— TASK STATEMENT —
Please return the whole listing exactly.

— RECORDS PROVIDED —
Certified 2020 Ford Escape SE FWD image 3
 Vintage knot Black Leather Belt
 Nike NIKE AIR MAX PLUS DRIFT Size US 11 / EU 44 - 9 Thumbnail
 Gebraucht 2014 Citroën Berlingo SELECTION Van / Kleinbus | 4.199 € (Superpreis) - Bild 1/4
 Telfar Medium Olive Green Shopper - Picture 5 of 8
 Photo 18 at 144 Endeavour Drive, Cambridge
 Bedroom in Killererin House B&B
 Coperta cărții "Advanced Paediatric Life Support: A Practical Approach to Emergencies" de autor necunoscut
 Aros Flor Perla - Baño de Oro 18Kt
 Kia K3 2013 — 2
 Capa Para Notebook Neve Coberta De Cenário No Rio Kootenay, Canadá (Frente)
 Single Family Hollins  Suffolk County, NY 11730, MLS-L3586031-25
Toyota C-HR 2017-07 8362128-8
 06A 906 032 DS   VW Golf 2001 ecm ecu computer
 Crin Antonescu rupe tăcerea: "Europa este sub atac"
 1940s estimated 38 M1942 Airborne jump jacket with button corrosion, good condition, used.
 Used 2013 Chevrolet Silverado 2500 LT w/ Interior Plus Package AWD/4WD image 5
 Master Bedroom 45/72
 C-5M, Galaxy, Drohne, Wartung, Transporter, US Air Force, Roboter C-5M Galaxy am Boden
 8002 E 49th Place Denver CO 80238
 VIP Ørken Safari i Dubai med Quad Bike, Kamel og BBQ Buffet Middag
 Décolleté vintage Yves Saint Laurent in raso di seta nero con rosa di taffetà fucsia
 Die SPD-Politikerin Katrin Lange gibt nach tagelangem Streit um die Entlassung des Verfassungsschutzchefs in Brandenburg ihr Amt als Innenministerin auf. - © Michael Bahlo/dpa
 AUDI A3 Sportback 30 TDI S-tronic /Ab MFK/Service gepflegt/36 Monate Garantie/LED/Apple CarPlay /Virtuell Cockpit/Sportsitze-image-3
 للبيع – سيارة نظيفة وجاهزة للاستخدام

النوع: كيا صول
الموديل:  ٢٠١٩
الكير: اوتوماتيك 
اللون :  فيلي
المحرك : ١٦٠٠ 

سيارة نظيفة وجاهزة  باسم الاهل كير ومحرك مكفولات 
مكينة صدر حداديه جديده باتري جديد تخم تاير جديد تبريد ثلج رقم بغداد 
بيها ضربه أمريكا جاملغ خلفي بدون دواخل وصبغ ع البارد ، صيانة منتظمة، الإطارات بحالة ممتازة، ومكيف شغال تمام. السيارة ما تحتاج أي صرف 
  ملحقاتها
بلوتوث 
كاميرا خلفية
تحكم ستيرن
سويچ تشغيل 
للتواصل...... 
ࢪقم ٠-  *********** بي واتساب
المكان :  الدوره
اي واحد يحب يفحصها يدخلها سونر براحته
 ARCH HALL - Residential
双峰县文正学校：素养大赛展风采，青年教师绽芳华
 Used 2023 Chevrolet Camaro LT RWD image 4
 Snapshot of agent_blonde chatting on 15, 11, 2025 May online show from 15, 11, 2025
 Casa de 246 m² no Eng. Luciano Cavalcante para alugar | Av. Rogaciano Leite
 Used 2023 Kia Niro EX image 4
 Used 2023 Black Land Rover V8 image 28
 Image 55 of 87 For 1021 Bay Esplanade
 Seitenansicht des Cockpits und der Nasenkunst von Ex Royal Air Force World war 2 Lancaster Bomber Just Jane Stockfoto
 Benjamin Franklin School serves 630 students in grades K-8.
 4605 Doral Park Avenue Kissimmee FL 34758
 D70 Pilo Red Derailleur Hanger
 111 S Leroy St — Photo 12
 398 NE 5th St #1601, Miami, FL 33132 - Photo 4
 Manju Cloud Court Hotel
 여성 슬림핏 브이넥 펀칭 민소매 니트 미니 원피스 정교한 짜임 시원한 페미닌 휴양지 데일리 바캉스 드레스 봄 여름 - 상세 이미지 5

— RESPONSE BOX —
Certified 2020 Ford Escape SE FWD image 3
 Vintage knot Black Leather Belt
 Nike NIKE AIR MAX PLUS DRIFT Size US 11 / EU 44 - 9 Thumbnail
 Gebraucht 2014 Citroën Berlingo SELECTION Van / Kleinbus | 4.199 € (Superpreis) - Bild 1/4
 Telfar Medium Olive Green Shopper - Picture 5 of 8
 Photo 18 at 144 Endeavour Drive, Cambridge
 Bedroom in Killererin House B&B
 Coperta cărții "Advanced Paediatric Life Support: A Practical Approach to Emergencies" de autor necunoscut
 Aros Flor Perla - Baño de Oro 18Kt
 Kia K3 2013 — 2
 Capa Para Notebook Neve Coberta De Cenário No Rio Kootenay, Canadá (Frente)
 Single Family Hollins  Suffolk County, NY 11730, MLS-L3586031-25
Toyota C-HR 2017-07 8362128-8
 06A 906 032 DS   VW Golf 2001 ecm ecu computer
 Crin Antonescu rupe tăcerea: "Europa este sub atac"
 1940s estimated 38 M1942 Airborne jump jacket with button corrosion, good condition, used.
 Used 2013 Chevrolet Silverado 2500 LT w/ Interior Plus Package AWD/4WD image 5
 Master Bedroom 45/72
 C-5M, Galaxy, Drohne, Wartung, Transporter, US Air Force, Roboter C-5M Galaxy am Boden
 8002 E 49th Place Denver CO 80238
 VIP Ørken Safari i Dubai med Quad Bike, Kamel og BBQ Buffet Middag
 Décolleté vintage Yves Saint Laurent in raso di seta nero con rosa di taffetà fucsia
 Die SPD-Politikerin Katrin Lange gibt nach tagelangem Streit um die Entlassung des Verfassungsschutzchefs in Brandenburg ihr Amt als Innenministerin auf. - © Michael Bahlo/dpa
 AUDI A3 Sportback 30 TDI S-tronic /Ab MFK/Service gepflegt/36 Monate Garantie/LED/Apple CarPlay /Virtuell Cockpit/Sportsitze-image-3
 للبيع – سيارة نظيفة وجاهزة للاستخدام

النوع: كيا صول
الموديل:  ٢٠١٩
الكير: اوتوماتيك 
اللون :  فيلي
المحرك : ١٦٠٠ 

سيارة نظيفة وجاهزة  باسم الاهل كير ومحرك مكفولات 
مكينة صدر حداديه جديده باتري جديد تخم تاير جديد تبريد ثلج رقم بغداد 
بيها ضربه أمريكا جاملغ خلفي بدون دواخل وصبغ ع البارد ، صيانة منتظمة، الإطارات بحالة ممتازة، ومكيف شغال تمام. السيارة ما تحتاج أي صرف 
  ملحقاتها
بلوتوث 
كاميرا خلفية
تحكم ستيرن
سويچ تشغيل 
للتواصل...... 
ࢪقم ٠-  *********** بي واتساب
المكان :  الدوره
اي واحد يحب يفحصها يدخلها سونر براحته
 ARCH HALL - Residential
双峰县文正学校：素养大赛展风采，青年教师绽芳华
 Used 2023 Chevrolet Camaro LT RWD image 4
 Snapshot of agent_blonde chatting on 15, 11, 2025 May online show from 15, 11, 2025
 Casa de 246 m² no Eng. Luciano Cavalcante para alugar | Av. Rogaciano Leite
 Used 2023 Kia Niro EX image 4
 Used 2023 Black Land Rover V8 image 28
 Image 55 of 87 For 1021 Bay Esplanade
 Seitenansicht des Cockpits und der Nasenkunst von Ex Royal Air Force World war 2 Lancaster Bomber Just Jane Stockfoto
 Benjamin Franklin School serves 630 students in grades K-8.
 4605 Doral Park Avenue Kissimmee FL 34758
 D70 Pilo Red Derailleur Hanger
 111 S Leroy St — Photo 12
 398 NE 5th St #1601, Miami, FL 33132 - Photo 4
 Manju Cloud Court Hotel
 여성 슬림핏 브이넥 펀칭 민소매 니트 미니 원피스 정교한 짜임 시원한 페미닌 휴양지 데일리 바캉스 드레스 봄 여름 - 상세 이미지 5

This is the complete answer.